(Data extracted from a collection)
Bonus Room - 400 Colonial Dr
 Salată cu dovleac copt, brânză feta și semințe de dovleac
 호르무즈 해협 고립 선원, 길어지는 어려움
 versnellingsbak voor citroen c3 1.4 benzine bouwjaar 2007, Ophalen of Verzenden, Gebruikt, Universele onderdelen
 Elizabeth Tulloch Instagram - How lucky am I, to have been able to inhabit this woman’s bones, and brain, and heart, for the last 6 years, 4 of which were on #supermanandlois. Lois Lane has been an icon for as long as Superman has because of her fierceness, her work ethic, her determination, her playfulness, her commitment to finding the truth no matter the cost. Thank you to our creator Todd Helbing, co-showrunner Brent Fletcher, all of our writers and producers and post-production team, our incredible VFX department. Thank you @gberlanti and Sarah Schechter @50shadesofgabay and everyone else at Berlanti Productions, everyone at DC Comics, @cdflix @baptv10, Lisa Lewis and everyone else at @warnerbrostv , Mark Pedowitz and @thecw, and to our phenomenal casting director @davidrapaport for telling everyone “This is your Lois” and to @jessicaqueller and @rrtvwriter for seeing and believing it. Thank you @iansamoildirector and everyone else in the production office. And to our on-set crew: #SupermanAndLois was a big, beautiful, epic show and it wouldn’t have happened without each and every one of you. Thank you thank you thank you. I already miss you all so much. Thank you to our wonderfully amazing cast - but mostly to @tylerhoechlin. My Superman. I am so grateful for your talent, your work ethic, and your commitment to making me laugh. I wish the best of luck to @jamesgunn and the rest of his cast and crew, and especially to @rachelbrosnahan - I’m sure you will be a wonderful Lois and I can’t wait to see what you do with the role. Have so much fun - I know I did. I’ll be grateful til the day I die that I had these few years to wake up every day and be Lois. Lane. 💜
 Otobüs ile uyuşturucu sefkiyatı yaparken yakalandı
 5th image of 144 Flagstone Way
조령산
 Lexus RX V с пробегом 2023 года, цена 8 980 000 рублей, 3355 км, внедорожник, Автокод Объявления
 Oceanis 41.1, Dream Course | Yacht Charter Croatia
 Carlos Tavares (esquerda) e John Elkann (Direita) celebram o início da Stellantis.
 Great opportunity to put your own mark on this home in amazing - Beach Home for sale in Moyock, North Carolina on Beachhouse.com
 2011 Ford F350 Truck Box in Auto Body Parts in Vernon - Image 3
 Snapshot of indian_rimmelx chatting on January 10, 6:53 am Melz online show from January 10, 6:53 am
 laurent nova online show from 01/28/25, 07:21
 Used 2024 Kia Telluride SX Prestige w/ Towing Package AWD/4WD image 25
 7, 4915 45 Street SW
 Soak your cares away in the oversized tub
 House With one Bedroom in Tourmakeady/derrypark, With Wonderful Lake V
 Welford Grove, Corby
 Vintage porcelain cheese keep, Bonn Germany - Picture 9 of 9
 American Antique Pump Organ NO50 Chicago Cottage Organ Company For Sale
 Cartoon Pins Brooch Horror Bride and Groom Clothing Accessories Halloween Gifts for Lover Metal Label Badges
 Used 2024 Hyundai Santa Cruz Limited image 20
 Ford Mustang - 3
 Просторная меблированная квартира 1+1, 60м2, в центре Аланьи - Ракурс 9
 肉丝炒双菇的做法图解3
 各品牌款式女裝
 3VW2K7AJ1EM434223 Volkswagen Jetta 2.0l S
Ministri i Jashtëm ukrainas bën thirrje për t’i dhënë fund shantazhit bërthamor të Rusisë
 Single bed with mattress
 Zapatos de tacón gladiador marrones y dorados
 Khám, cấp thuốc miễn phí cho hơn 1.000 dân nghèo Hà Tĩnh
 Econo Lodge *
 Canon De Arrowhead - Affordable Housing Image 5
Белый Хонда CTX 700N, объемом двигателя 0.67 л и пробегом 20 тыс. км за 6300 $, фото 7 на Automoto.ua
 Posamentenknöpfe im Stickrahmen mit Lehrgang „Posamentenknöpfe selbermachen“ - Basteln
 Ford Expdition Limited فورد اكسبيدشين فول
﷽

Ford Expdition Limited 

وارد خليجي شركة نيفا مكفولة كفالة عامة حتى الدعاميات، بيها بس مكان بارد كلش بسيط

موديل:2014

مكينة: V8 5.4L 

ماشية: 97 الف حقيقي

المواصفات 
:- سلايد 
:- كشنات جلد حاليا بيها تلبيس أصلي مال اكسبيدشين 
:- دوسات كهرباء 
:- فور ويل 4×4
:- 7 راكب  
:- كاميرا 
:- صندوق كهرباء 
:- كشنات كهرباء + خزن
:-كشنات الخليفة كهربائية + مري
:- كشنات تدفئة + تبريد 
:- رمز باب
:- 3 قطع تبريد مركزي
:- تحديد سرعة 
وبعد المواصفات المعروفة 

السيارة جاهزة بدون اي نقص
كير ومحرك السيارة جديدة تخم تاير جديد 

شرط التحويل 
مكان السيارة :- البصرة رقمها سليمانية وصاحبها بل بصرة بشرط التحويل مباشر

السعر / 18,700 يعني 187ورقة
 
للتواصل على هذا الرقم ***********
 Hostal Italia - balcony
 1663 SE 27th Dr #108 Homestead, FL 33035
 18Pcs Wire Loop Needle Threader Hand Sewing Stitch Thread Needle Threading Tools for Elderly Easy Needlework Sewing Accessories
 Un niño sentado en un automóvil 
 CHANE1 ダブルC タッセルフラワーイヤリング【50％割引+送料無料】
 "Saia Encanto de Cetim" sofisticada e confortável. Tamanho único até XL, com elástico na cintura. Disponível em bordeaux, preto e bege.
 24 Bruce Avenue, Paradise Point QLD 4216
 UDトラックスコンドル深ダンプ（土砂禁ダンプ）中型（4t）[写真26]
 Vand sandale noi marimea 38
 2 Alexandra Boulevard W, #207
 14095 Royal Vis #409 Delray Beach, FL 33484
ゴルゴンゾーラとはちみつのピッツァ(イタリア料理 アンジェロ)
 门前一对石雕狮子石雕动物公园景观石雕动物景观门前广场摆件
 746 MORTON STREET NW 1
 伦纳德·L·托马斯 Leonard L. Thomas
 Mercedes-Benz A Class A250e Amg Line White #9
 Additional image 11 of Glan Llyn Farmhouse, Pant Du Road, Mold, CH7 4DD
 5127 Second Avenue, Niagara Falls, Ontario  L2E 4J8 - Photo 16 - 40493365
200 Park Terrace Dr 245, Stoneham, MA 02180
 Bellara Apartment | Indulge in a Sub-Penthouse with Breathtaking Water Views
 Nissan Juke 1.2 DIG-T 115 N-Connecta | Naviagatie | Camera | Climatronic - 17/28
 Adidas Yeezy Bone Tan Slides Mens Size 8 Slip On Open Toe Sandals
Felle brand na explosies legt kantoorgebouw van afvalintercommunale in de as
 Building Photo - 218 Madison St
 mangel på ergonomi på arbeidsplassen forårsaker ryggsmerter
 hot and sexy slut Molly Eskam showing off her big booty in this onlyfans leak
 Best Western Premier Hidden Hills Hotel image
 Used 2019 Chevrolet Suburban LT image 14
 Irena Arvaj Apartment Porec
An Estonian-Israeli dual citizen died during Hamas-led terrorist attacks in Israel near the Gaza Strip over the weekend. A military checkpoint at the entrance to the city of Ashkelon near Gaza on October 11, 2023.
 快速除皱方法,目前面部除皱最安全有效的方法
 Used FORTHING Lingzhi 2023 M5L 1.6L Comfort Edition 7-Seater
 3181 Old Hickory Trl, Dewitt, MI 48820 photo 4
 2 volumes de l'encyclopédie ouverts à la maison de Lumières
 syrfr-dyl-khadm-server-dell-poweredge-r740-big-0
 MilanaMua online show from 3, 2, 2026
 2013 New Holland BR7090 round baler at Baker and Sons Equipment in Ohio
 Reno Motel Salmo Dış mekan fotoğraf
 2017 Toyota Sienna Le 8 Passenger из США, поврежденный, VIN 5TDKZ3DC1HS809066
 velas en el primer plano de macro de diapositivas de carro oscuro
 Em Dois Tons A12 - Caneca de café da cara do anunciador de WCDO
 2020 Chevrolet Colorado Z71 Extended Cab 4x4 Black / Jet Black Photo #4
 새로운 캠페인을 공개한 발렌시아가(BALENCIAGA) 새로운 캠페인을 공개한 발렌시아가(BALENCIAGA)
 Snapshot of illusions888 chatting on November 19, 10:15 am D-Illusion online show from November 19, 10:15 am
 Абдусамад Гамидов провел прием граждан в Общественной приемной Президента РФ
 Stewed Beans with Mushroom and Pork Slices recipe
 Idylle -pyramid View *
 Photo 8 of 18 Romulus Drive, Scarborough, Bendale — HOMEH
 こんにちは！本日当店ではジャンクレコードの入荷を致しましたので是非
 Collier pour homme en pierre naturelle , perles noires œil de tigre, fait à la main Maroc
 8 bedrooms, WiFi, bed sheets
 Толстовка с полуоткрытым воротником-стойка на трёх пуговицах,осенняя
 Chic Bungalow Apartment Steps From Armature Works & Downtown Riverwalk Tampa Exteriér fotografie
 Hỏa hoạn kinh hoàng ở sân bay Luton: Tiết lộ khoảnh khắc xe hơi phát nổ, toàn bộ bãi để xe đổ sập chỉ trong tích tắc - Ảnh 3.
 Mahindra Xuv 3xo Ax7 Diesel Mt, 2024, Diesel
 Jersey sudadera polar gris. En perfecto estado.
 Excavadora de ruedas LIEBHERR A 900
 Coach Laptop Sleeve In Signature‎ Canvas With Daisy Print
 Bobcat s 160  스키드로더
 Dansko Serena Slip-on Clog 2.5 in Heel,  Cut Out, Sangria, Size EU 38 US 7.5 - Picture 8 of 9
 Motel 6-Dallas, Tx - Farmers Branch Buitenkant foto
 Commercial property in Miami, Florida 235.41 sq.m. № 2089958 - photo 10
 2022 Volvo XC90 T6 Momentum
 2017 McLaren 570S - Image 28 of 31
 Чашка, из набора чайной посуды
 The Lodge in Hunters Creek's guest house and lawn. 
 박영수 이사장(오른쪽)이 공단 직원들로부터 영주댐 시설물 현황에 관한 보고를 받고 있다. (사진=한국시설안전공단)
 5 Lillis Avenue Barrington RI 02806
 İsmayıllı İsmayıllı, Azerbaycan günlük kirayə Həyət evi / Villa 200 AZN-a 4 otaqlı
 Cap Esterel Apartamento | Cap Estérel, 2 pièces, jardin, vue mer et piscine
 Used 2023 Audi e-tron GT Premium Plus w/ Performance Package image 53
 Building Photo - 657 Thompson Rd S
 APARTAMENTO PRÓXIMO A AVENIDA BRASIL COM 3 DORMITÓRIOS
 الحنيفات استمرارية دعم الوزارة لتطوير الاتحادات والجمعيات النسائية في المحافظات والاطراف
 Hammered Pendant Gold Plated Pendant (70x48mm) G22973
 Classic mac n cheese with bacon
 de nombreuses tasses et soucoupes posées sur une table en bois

DIRECTIONS FOR THIS TASK
Above are the records; repeat exactly the lines from the one holding "Просторная меблированная квартира" down to the one holding "Econo Lodge *", end lines included.

EXPECTED OUTPUT
 Просторная меблированная квартира 1+1, 60м2, в центре Аланьи - Ракурс 9
 肉丝炒双菇的做法图解3
 各品牌款式女裝
 3VW2K7AJ1EM434223 Volkswagen Jetta 2.0l S
Ministri i Jashtëm ukrainas bën thirrje për t’i dhënë fund shantazhit bërthamor të Rusisë
 Single bed with mattress
 Zapatos de tacón gladiador marrones y dorados
 Khám, cấp thuốc miễn phí cho hơn 1.000 dân nghèo Hà Tĩnh
 Econo Lodge *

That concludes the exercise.